Robin and Sanji approached the unconscious giant deer carefully, their footsteps crunching through snow that shouldn't exist in an underground chamber. Monet's Yuki Yuki no Mi (Snow-Snow Fruit) had transformed the battlefield into a frozen wasteland—ice coating every surface, temperature hovering below freezing, and their ship's doctor lying at the center of it all.

"Chopper..." Robin's voice carried maternal concern as she knelt beside the enormous reindeer form. Her hands reached out to touch his fur, finding it frozen stiff—individual hairs coated in ice crystals that made him look like a sculpture rather than a living being. "You worked so hard. I've dealt with the woman who hurt you. Our battle is over now."

The giant deer stirred at the sound of his name, consciousness returning gradually. His eyelids—each one the size of dinner plates in this form—lifted with visible effort. When his gaze focused enough to recognize Robin, and then Sanji standing behind her, relief flooded his features.

"Sanji-kun came... to help..." Chopper's voice rumbled like distant thunder, his enlarged vocal cords making even whispers sound dramatic. "I'm so useless... couldn't hold on when it mattered... I wish I was stronger... stronger..."

Tears formed in his enormous eyes—each droplet the size of a fist, rolling down his furred cheeks to freeze before hitting the ground. The sight was heartbreaking despite his monstrous size, a child's anguish trapped in a giant's body.

Robin couldn't bear seeing him cry. She reached up to wipe the tears away, her comparatively tiny hands managing to clear the liquid before it froze solid. "Chopper, don't blame yourself.

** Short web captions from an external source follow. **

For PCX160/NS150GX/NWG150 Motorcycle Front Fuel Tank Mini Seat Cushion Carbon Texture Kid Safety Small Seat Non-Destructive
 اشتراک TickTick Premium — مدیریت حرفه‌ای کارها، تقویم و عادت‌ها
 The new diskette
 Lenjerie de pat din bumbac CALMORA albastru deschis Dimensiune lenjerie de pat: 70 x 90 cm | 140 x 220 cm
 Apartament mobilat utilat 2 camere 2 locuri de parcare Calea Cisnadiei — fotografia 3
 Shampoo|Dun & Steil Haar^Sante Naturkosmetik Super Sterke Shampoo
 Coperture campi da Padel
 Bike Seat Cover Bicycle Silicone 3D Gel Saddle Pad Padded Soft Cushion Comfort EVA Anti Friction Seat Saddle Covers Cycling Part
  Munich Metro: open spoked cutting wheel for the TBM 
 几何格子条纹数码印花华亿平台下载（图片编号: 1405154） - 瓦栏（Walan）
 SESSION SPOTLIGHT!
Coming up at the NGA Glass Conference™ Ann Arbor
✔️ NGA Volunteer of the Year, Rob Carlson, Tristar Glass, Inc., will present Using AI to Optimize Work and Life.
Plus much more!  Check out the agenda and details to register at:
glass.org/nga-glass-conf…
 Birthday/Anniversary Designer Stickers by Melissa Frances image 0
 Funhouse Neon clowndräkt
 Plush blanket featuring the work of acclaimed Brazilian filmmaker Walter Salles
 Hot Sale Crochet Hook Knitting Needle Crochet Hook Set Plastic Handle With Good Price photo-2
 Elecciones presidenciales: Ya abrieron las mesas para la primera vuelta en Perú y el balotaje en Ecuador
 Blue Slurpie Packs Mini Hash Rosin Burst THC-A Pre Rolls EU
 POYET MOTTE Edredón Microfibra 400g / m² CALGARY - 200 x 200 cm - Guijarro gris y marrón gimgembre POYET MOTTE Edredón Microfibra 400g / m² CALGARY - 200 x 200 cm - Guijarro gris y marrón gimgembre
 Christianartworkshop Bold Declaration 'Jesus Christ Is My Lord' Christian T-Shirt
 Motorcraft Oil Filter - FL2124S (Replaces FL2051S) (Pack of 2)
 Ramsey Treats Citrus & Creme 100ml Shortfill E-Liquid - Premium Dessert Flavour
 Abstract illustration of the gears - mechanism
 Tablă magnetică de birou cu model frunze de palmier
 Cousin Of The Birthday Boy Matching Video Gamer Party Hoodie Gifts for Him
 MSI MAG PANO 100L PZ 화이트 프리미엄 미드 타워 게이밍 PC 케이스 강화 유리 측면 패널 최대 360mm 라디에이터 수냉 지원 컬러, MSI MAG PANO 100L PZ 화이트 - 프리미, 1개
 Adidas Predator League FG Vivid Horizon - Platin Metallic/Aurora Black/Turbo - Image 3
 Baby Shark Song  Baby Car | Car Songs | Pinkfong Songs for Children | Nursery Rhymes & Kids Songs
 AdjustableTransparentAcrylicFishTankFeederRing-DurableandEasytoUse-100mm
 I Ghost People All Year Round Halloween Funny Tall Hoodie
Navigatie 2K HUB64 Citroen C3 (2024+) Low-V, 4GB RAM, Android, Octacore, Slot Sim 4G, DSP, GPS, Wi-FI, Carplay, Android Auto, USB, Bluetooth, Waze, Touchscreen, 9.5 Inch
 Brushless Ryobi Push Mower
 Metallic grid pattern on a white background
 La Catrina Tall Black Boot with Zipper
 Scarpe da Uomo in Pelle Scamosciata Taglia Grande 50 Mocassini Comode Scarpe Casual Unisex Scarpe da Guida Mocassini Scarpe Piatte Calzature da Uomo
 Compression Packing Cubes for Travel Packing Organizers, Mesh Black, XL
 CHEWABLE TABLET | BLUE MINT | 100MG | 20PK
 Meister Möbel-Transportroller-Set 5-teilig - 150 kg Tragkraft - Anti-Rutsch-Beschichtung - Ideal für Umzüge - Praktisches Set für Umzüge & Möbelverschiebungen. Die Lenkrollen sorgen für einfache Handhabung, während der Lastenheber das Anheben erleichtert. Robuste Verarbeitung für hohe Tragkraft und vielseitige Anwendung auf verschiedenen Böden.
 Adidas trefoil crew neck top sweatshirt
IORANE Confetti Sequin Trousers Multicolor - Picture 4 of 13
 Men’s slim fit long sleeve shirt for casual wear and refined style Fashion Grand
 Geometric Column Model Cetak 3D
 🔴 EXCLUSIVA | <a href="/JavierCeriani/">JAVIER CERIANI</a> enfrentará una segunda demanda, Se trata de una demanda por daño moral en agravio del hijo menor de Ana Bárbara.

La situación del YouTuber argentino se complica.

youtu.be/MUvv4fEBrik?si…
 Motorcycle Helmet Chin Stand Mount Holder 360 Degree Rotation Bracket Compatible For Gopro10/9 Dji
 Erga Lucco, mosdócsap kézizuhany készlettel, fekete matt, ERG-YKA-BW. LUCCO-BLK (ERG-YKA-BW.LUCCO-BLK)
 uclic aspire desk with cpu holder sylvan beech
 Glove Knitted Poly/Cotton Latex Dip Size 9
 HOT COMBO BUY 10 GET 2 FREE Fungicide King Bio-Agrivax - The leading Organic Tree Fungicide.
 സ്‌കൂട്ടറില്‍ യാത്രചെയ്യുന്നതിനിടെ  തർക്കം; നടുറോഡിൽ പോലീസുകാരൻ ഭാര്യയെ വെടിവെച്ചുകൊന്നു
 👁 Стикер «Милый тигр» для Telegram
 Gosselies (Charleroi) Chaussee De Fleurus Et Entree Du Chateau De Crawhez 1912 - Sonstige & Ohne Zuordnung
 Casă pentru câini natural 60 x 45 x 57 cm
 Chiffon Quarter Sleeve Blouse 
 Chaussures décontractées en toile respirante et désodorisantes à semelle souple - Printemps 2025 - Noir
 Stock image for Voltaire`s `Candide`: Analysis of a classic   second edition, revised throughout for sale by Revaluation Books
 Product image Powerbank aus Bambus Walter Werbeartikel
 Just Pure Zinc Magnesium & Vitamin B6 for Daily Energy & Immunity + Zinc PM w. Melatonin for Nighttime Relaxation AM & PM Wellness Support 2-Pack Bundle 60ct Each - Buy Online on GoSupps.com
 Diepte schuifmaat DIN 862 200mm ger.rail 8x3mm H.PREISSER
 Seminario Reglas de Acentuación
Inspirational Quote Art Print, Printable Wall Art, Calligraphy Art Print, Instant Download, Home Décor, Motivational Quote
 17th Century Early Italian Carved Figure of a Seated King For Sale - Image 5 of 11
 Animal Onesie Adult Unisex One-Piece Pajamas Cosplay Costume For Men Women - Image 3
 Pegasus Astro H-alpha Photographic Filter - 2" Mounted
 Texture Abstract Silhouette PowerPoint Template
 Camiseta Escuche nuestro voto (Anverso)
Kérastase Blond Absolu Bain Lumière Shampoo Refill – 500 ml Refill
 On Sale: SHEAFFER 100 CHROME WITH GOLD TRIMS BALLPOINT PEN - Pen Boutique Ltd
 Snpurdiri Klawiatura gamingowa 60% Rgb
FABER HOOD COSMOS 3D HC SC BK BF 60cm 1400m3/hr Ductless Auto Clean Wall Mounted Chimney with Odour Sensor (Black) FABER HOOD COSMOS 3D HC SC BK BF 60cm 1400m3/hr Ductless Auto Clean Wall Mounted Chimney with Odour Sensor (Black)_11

Without your protection, I never could have defeated that man. You deserve credit for this victory. You're already amazing."

"Really?" Hope flickered in those massive eyes. "Really, Robin?"

"When have I ever lied to you?" Robin's smile carried genuine warmth despite the circumstances. A few gentle words, some reassurance from a trusted friend—that was all it took to soothe the ship's doctor's self-recrimination.

The Rumble Ball's effects chose that moment to expire completely. Chopper's massive form began shrinking rapidly—muscle mass compressing, bones retracting, fur condensing. Within seconds, the giant deer had been replaced by a tiny reindeer barely half a meter tall, his usual Brain Point form that made him look like a stuffed toy rather than a warrior.

But the injuries didn't vanish with the size change. They simply transferred to his new proportions—frost burns covering his small body, bruises darkening his fur, exhaustion making his legs wobble. He collapsed into Robin's waiting arms, unable to even stand on his own.

"He's hurt badly," Sanji observed, his expression shifting from relieved to concerned. "Where's his medical kit? He always carries first-aid supplies."

"It got knocked away during the fight," Robin said, cradling Chopper carefully against her chest. "Probably buried in the snow somewhere. We'd need to return to the Sunny for proper medical treatment."

The three of them relaxed slightly, tension bleeding away now that the immediate danger had passed. They'd won. Survived. Accomplished their mission despite overwhelming odds. Time to regroup, tend wounds, and—

CRACK.

The sound of ice fracturing drew their attention to a figure they'd forgotten in their moment of relief.

Baby 5 knelt in the snow perhaps twenty meters away, cradling Buffalo's corpse against her chest. Tears had frozen on her cheeks, but her eyes—those eyes burned with something beyond grief. Beyond rage. Something that transcended sanity entirely.

"Everyone's dead," Baby 5 said quietly, her voice carrying eerie calm. "Monet-nee. Buffalo. All my family—gone. Erased. Nothing left."

She looked up, meeting Robin's gaze across the distance. Her expression held no hatred. No anger. Just hollow acceptance of terrible purpose.

"If I'm going to lose everything anyway..." Baby 5's body began to glow—not the metallic sheen of her weapon transformations, but brilliant white light that seemed to emanate from her very soul. "...then let's all go to hell together."